⟨
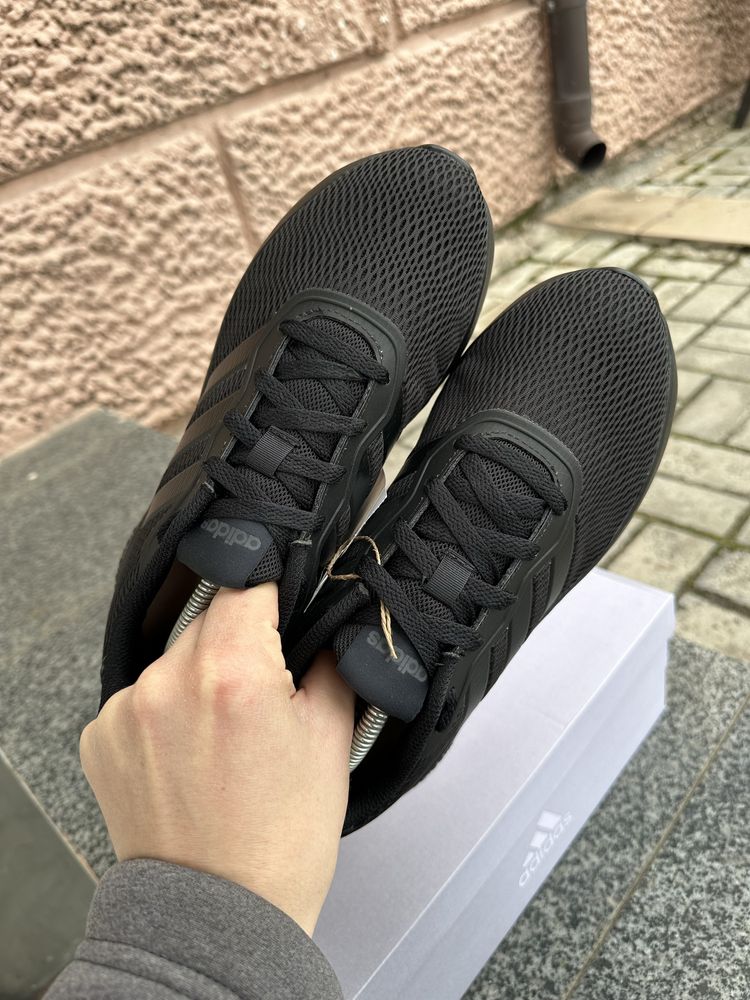ОРИГІНАЛ Adidas Nebzed кросівки чоловічі чорні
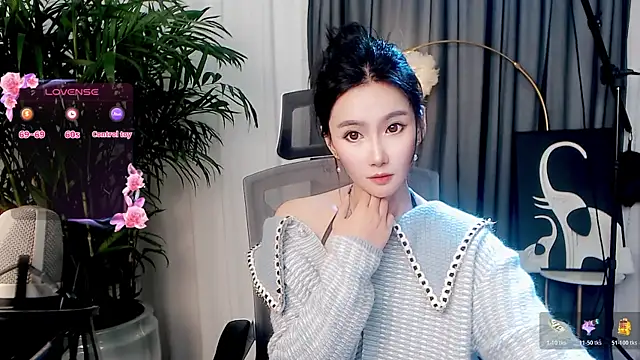 feifei-love live sex cam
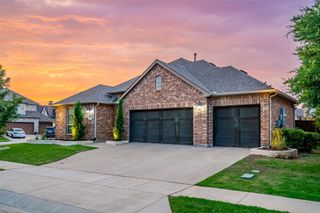 1429 Bridgewater Boulevard, Celina, TX 75009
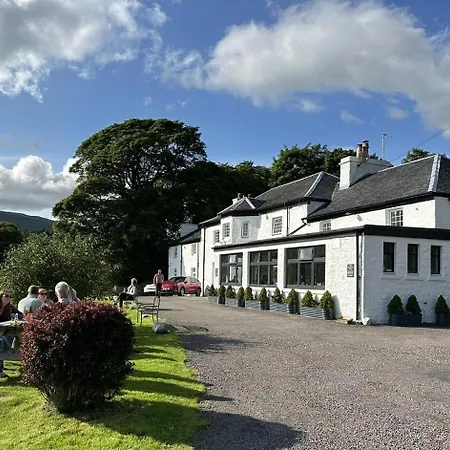 The Strontian Hotel-2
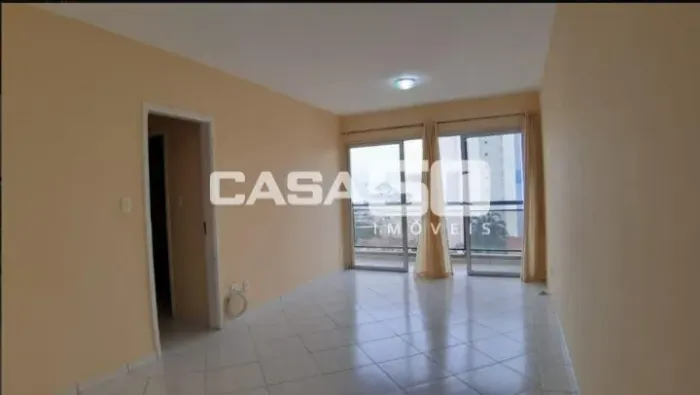 Apartamento à venda Taquaral - Campinas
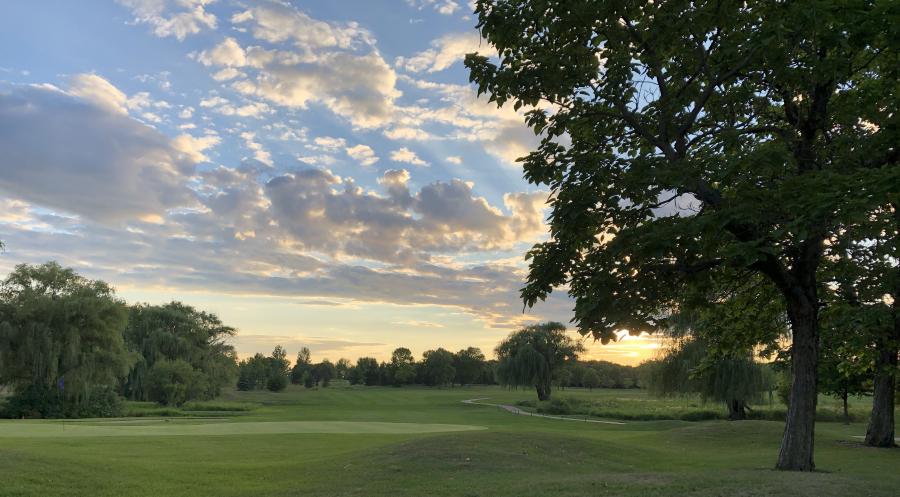 ShadowBrooke: Course Review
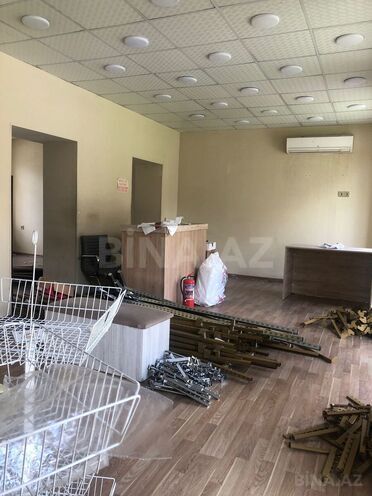 Сдаётся  объект 61 м², пос. Бакиханова, photo 4 from 11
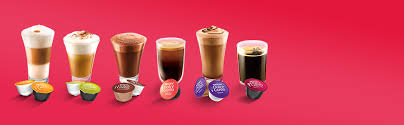 It is about the same size as my home machine the krups. Nescafe Dolce Gusto Kp170140 Infinissima Coffee Pod Machine By Krups White Amazon Co Uk Home Kitchen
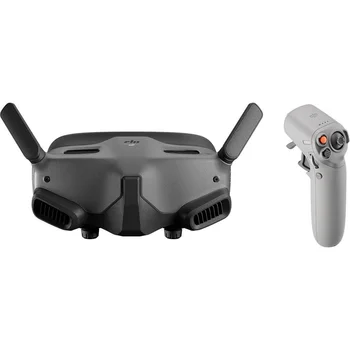 FPV окуляри DJI Goggles 2 Motion Combo (CP.FP.00000120.01)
⟩
** WHAT YOU WILL DO **
Please, without any of the pictures, set down exactly the lines from the beginning of the listing to the line that contains "photo 4 from 11", inclusive.

** TASK OUTPUT **
ОРИГІНАЛ Adidas Nebzed кросівки чоловічі чорні
 feifei-love live sex cam
 1429 Bridgewater Boulevard, Celina, TX 75009
 The Strontian Hotel-2
 Apartamento à venda Taquaral - Campinas
 ShadowBrooke: Course Review
 Сдаётся  объект 61 м², пос. Бакиханова, photo 4 from 11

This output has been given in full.